From LinkedIn > “How do you deal with Motley Fool, Seeking Alpha, etc. writing misleading stories about your company?”

Good question poised in the NIRI Group in LinkedIn… and it seems core to the never-ending social media and investor relations discussion.

“How do you deal with Motley Fool, Seeking Alpha, etc. writing misleading stories about your company?” The IRO posting this question was feeling adverse affects from the inaccuracies of an investor’s blog post on a stock portal.  

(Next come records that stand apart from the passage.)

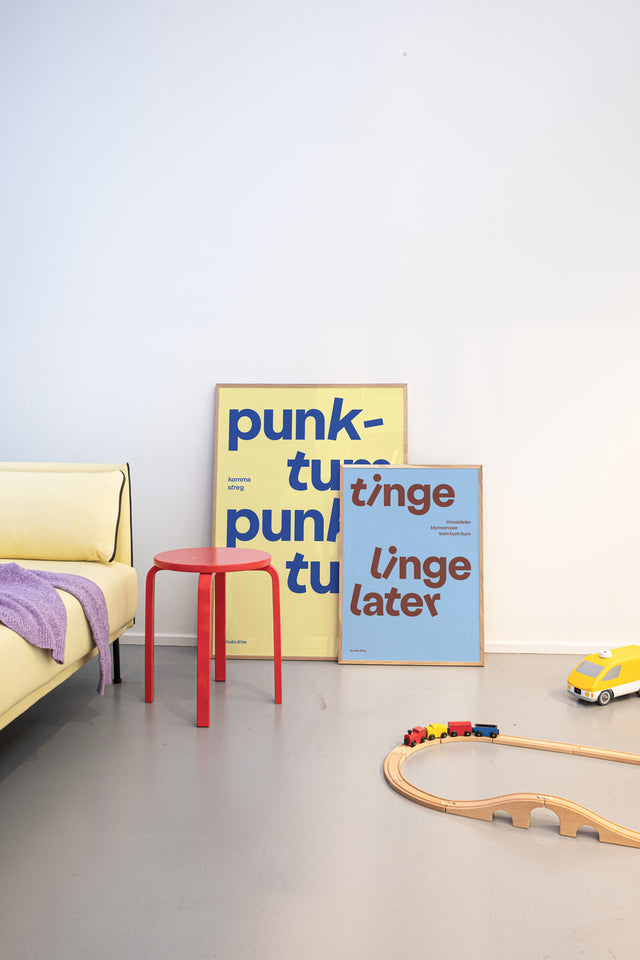 Gul "punktum punktum" børneplakat og lyseblå "tinge-linge-later" børneplakat på børneværelse med gul sofa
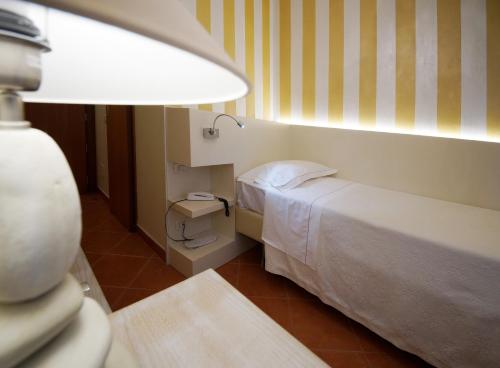 A bed or beds in a room at Albergo Morandi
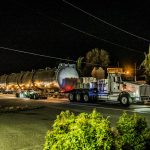 Omega Morgan carefully maneuvers their load under low-hanging wires.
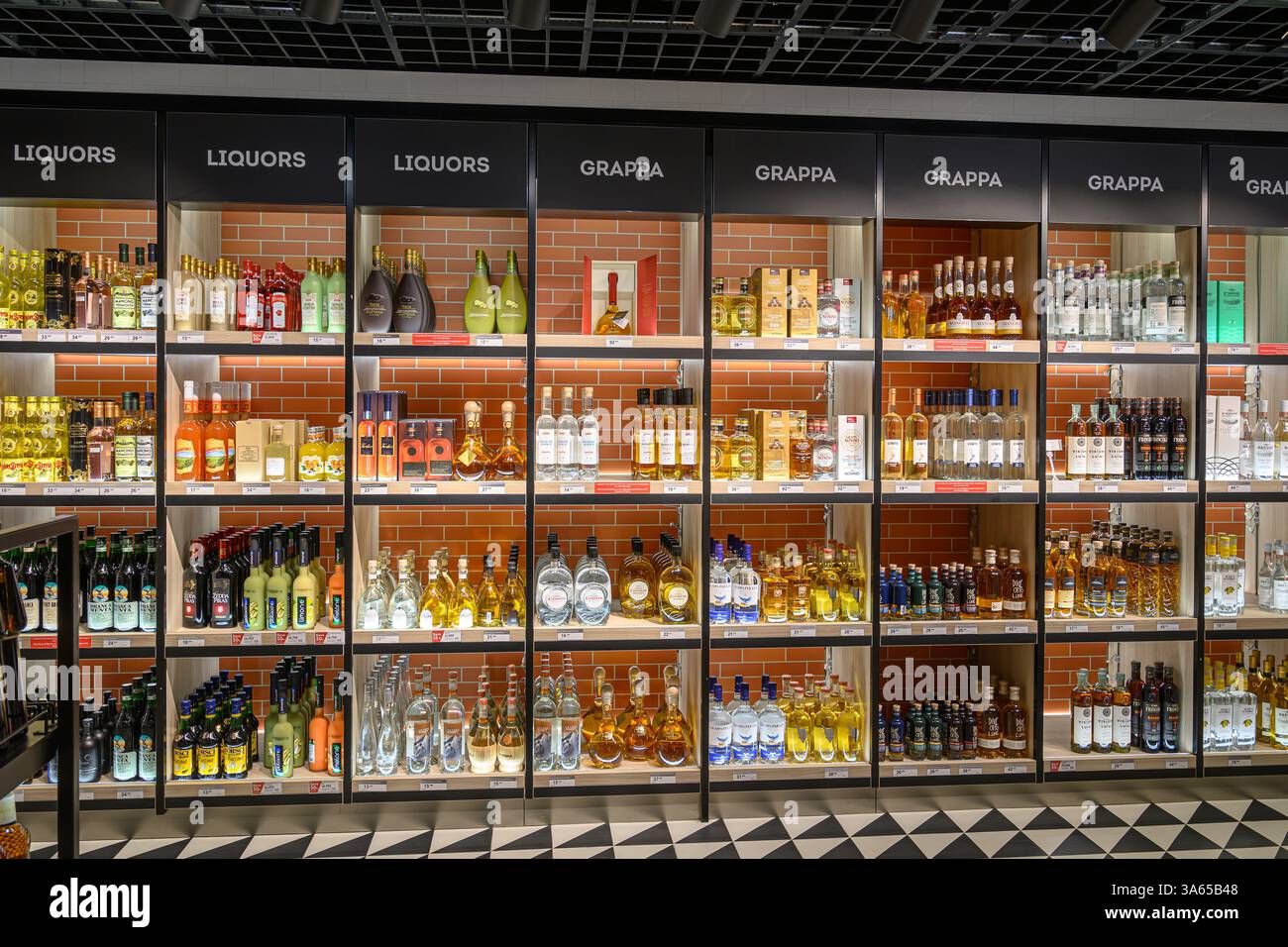 Grappa alcohol (Pomace brandy) bottles on shelves inside a shop Milan, Italy 06 March 2025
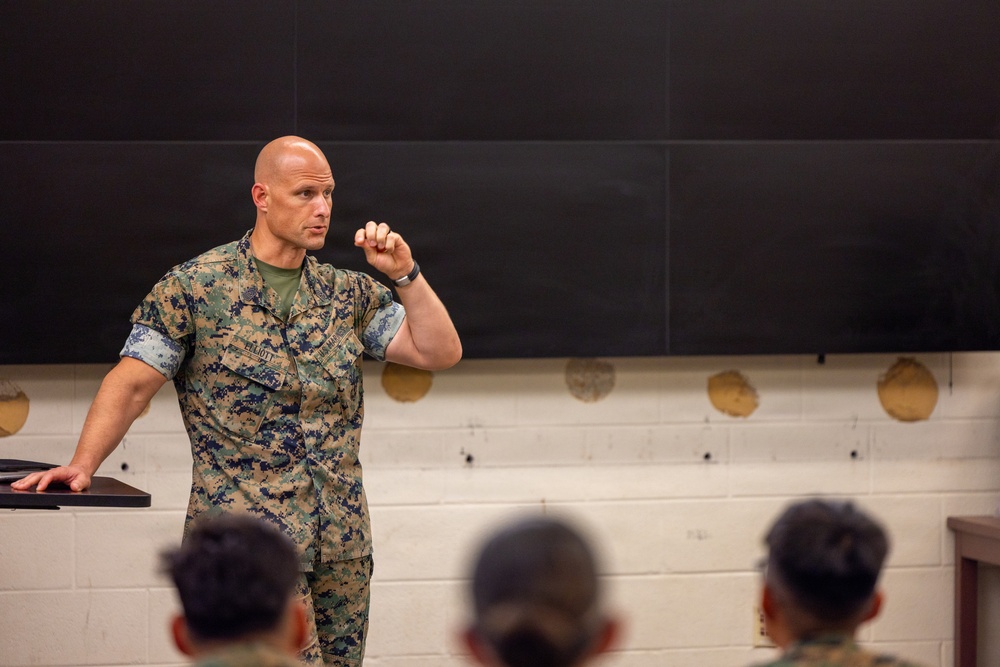 A U.S. Marine in MARPAT digital camouflage uniform is delivering a briefing or lecture to a group of seated military personnel. He is standing at the front of what appears to be a classroom or training room, gesturing with his right hand in a fist to emphasize a point. The setting suggests a formal military instruction or leadership engagement session.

Street perception stalwart Brian Rivel answered the question quite clearly: 

“Over 55% of the institutional investment community uses Seeking Alpha, so you should be concerned about misinformation. I have recently gotten to know the CEO of Seeking Alpha (David Jackson) and I asked him about this today. He wrote: ‘Seeking Alpha’s goal is to help people invest better, so it’s not in our interest to publish inaccurate articles about stocks. For this reason, we encourage companies and their IROs to tell us immediately if we have published an article containing a material inaccuracy, and we quickly remove or correct inaccurate articles.’ “

All social media is created equal. However, some is more equal than others. Seeking Alpha is NOT the Yahoo Finance chat boards (“selling short – that CEO smells foul”) of 10 years ago. Many sites (including our partner StockTwits) are monitored and governed… as these site do not want to be known as pump-and-dump fairgrounds. IR departments can be strategic both in regard to which sites have true weight as well as being more selective to proactivly engage or re-actively correct misinformation.

OF COURSE, the next step for this specific IRO is to reach out and ENGAGE with the person who wrote the inaccurate article. Traditionally, IR would label this author “a-pain-in-the-ass.” In social media lingo, we call that person “an influencer.”

Here is what Seeking Alpha offers IROs. How Do The Most Successful IR And PR People Use Seeking Alpha?

Have a great day.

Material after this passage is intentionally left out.